Offense was what caught Murphy's eye the first time he saw Locke play, which was at a travel-ball tournament in Oklahoma City, on the same field at Hall of Fame Stadium on which college softball annually decides its national championship. Locke blasted a home run that cleared the temporary outfield fence 200 feet from home plate down the lines and one-hopped the permanent fence more than 300 feet from the plate. As Murphy recalled, it was the kind of place only former Olympian Crystal Bustos hit a ball, about as high a compliment as a person in softball can give a power hitter.

And while she came to Alabama with visions of both pitching and hitting, it's the latter side that made her one of the best players in the conference, if not the country. She pitched less and less, partly because of an ankle injury but also because the more time she spent focused on hitting, the better she got. The power to hit a ball close to 300 feet is still there, but she is also adept at taking a pitch the opposite way or even laying down a better bunt than almost anyone on the roster.

But Saturday, her team needed her to pitch.

When she set down Florida in order of the top of the first Saturday, closing the inning by retiring SEC player of the year Michelle Moultrie on a pop-up to second base, it seemed to give the crowd confidence that the home team had a chance, Traina or no Traina. When Locke's teammates responded with two runs in the bottom of the first, sophomore Kaila Hunt continuing a torrid weekend with a triple to drive in both runs, the air seemed to go out of Florida's sails. It was over in just five innings, Locke allowing a total of three hits and only one unearned run crossing the plate against her.

Never once did she look out of place in the moment.

"If anxiety is high, performance is low," Locke said. "You've just kind of got to stay even-keeled. No matter who you are playing, any team in the SEC is going to be good. And Jackie needs a break, so you go out there and do your best. I was pretty excited when he picked me. I really was; it's just such an honor to be able to wear the jersey and pitch and be in the circle. To start, it was a great opportunity, and I really appreciated it."

Alabama's chemistry is unmistakable. It's easy for everyone to get along when people are passing out championship hats and shirts, but the Crimson Tide are as cohesive as any team in the country, certainly as cohesive as any team Murphy has had. Much of that credit goes to the senior class that includes Locke along with Lunceford, Jen Fenton, Cassie Reilly-Boccia, Kendall Dawson and Olivia Gibson.

It would have been easy for this team to fall apart before the season even started.
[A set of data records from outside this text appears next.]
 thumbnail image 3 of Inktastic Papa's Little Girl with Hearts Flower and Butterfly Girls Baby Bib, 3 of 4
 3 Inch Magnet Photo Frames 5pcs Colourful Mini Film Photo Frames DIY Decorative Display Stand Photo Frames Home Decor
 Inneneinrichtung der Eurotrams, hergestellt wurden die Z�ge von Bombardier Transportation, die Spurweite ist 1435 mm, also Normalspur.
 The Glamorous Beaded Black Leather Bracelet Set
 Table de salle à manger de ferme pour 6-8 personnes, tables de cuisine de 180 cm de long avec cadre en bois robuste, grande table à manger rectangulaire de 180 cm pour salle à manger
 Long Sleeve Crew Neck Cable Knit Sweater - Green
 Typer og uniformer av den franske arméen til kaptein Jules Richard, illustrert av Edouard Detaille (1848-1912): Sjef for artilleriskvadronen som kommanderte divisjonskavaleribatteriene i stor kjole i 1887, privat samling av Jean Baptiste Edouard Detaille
Within a week of a crushing exit from last year's World Series, losing twice in one day against Florida when a single win would have sent them to the championship series, they watched their coach accept the same position at conference rival LSU, only to reconsider and return to Alabama.

No player would have been more justified in feeling that slight than Locke, the fifth-year senior who came to Alabama in part because of how much Murphy made her believe in the program.

And yet it's Locke, she of the big grin, big personality and big bat, who spends most games standing next to Murphy in the dugout as something close to an aide-de-camp. And it was Locke who gave him the biggest hug Saturday.

"Yeah, Murph is our coach and it's a business, but he's also like our dad," Locke said of dealing with the events of last summer. "He's family. And family, you know, you make mistakes, and you just love each other no matter what -- he could easily be mad at us for a lot of things we did. But I trust Murph. Everybody on this team, everybody who is a part of this organization, everybody in this town trusts Murph. What happened, it's done and gone, and you wipe your hands with it. Murphy is here, and that's all that matters to us. And [associate coach Alyson Habetz], too, same thing, both of them.

"They're amazing people and they're amazing coaches, and getting to play for them every day is the best feeling in the world."

Alabama didn't need Traina, Locke or any single player to win one game. This is too good a team for that. Too good a team because of people like Locke.